6.3.1. Representation

Each encoding X is represented by a function 'X_to_utf8(s)' in the module interscript.encoding.X, which returns a utf8 string from a string in the given encoding.

First, the module initialisation package contains a special routine to autodetect the ISO-10646 encodings.

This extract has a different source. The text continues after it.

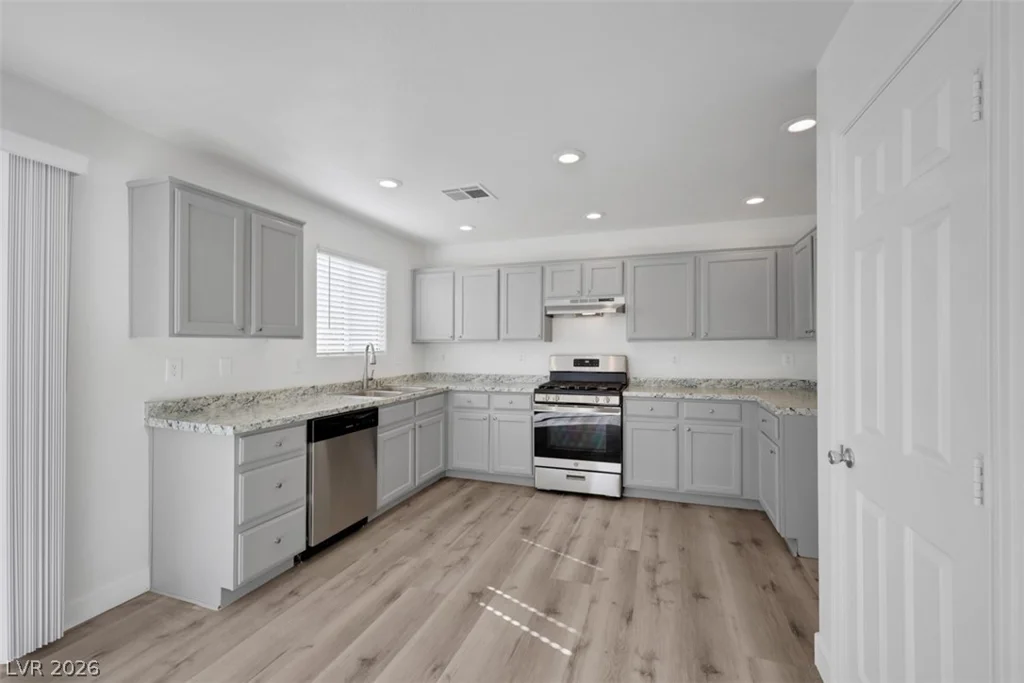 1955 Sunset Village, Henderson, NV 89014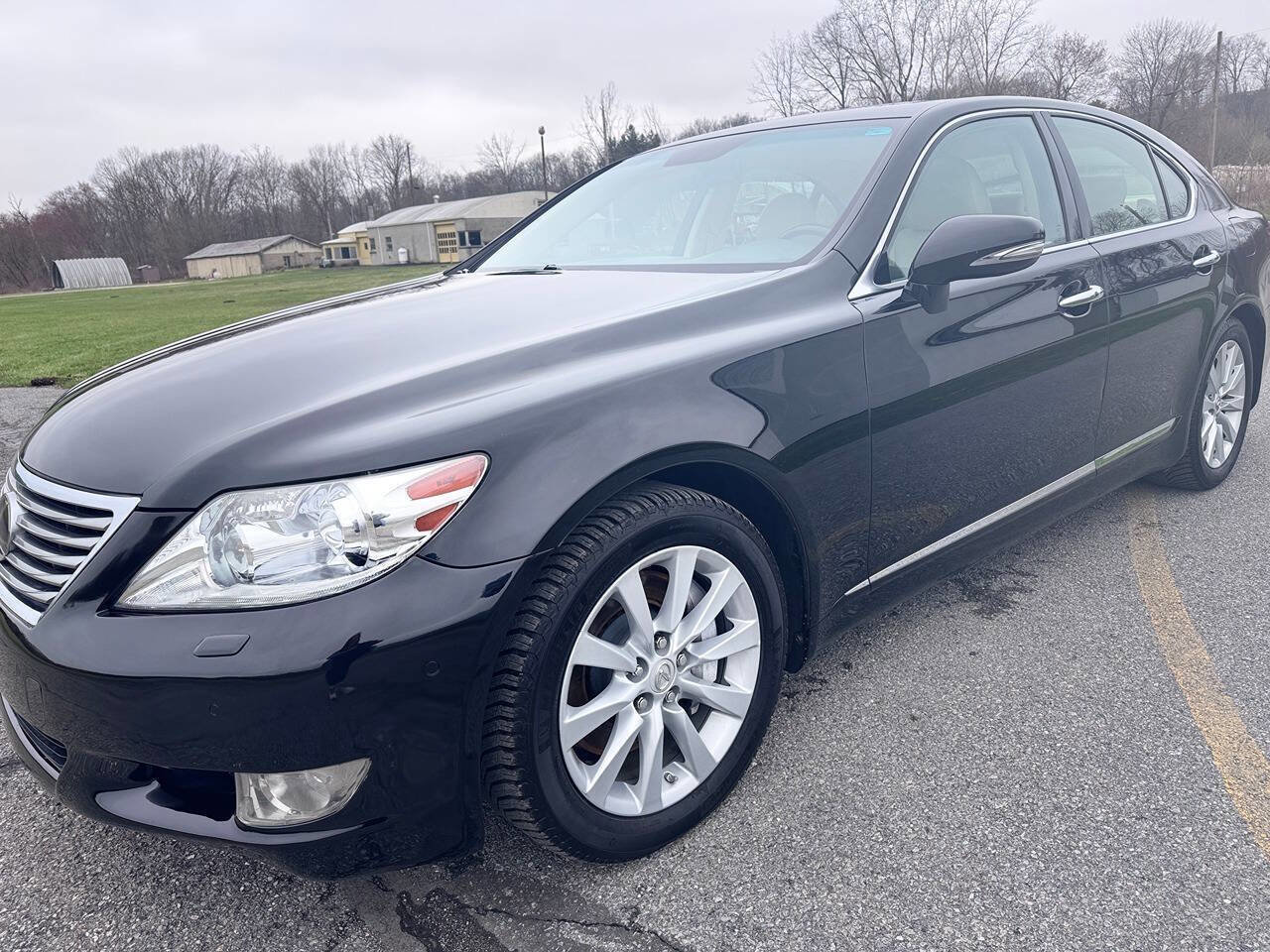 Used 2012 Lexus LS 460 AWD w/ Comfort Plus Pkg image 3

Start python section to interscript/encoding/__init__.py[1 /1 ]
     1: #line 63 "encoding.ipk"
     2: # encoding subpackage
     3: 
     4: iso10646_signatures = (
     5:   ('\xFE\xFF'        , 'utf16'),   # unicode, also ucs2
     6:   ('\xFF\xFE'        , 'utf16le'), # little endian unicode, also ucs2le
     7:   ('\x00\x00\xFE\xFE' , 'ucs4'),    # full four byte encoding
     8:   ('\xFE\xFE\x00\x00' , 'ucs4le'),  # little endian four byte encoding
     9:   ('\xEF\xBB\xBF'    , 'utf8')     # utf8
    10: )
    11: 
    12: def autodetect(filename):
    13:   f = open(filename,'rb')
    14:   data = f.read(4)
    15:   f.close()
    16:   data = data +'XXXX'
    17:   for signature,name in signatures:
    18:     if signature == data[:len(signature)]:
    19:       return name
    20:   return 'utf8'
    21: 
End python section to interscript/encoding/__init__.py[1]